> [SOURCE MATERIAL]
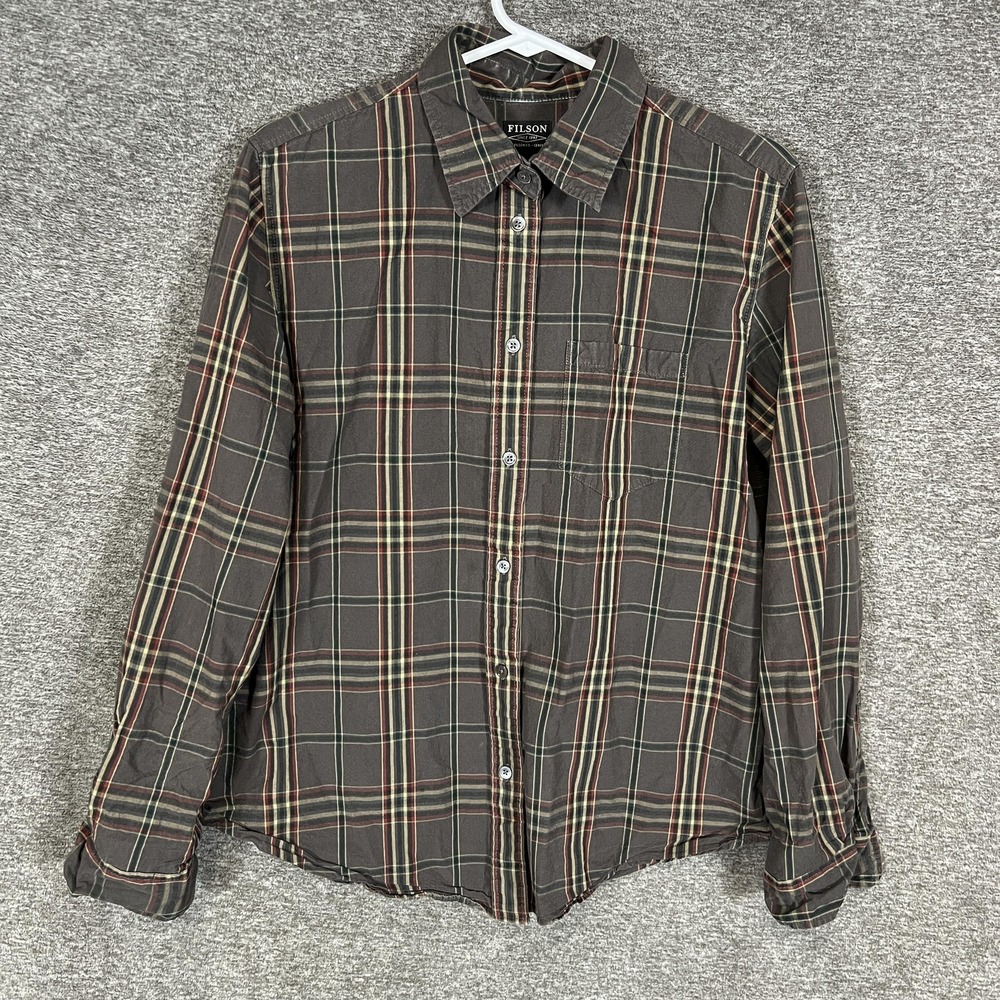 Filson Shirt Women's Large Brown Plaid Organic Cotton‎ Long Sleeve Button Up
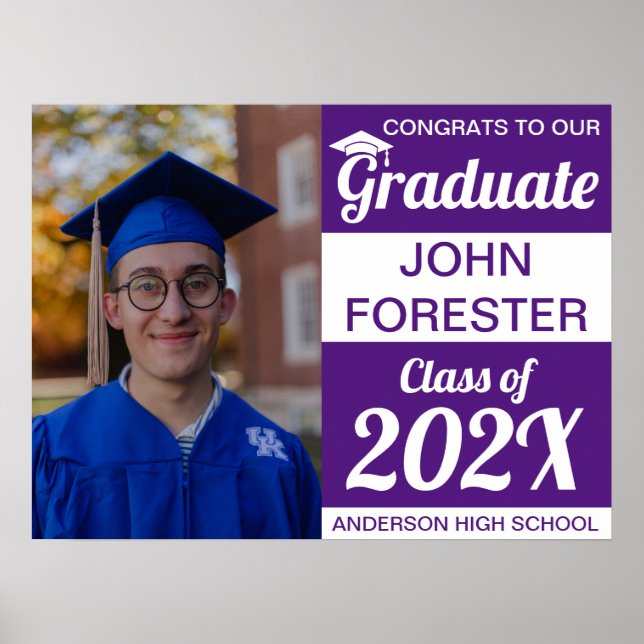 18" x 24" Photo Graduation Purple Paper Poster (Front)
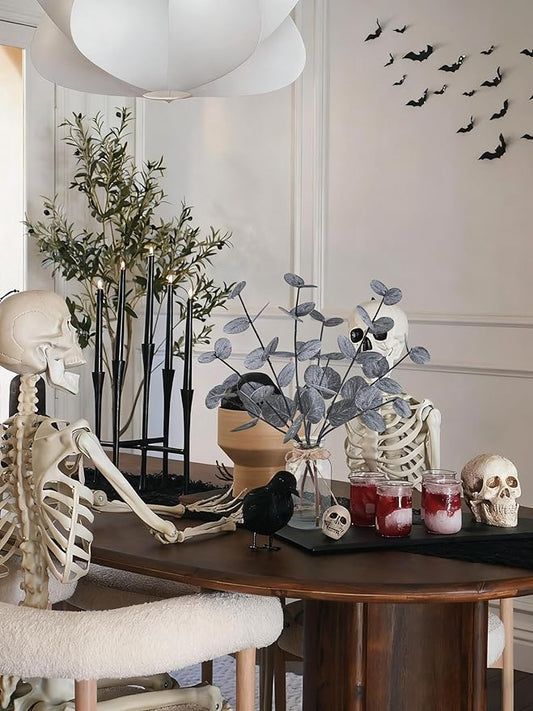 Artificial Eucalyptus Stems in Glass Vase with Faux Water Halloween Decor, 14” Fake Plants for Home Decor Table Centerpieces Office Bathroom Faux Plants Indoor Black Decorations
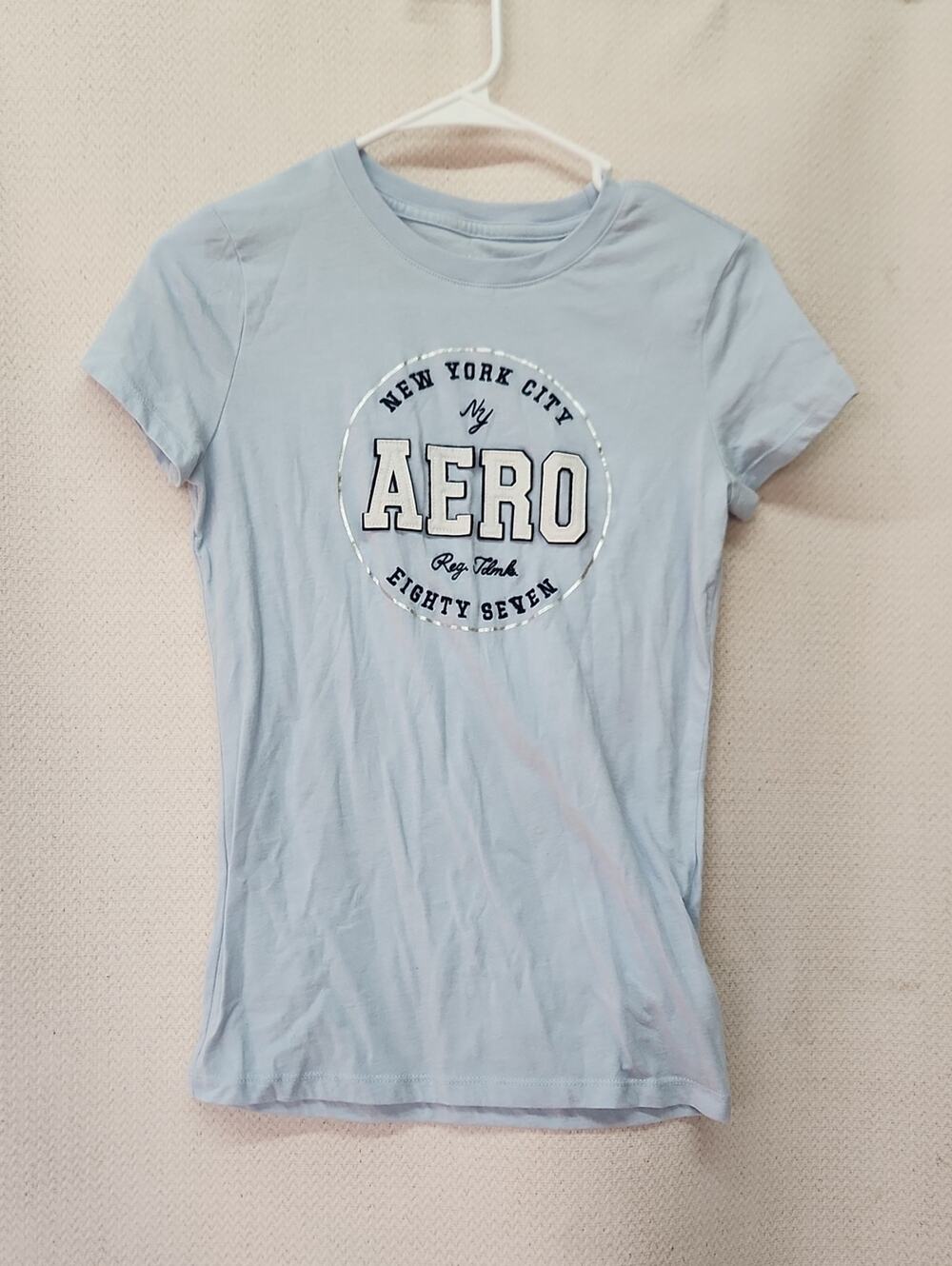 Aeropostale Light Blue Classic Crew Graphic Tee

> [TASK PROMPT]
Repeat the data above word for word, without pictures.

> [OUTPUT]
 Filson Shirt Women's Large Brown Plaid Organic Cotton‎ Long Sleeve Button Up
 18" x 24" Photo Graduation Purple Paper Poster (Front)
 Artificial Eucalyptus Stems in Glass Vase with Faux Water Halloween Decor, 14” Fake Plants for Home Decor Table Centerpieces Office Bathroom Faux Plants Indoor Black Decorations
 Aeropostale Light Blue Classic Crew Graphic Tee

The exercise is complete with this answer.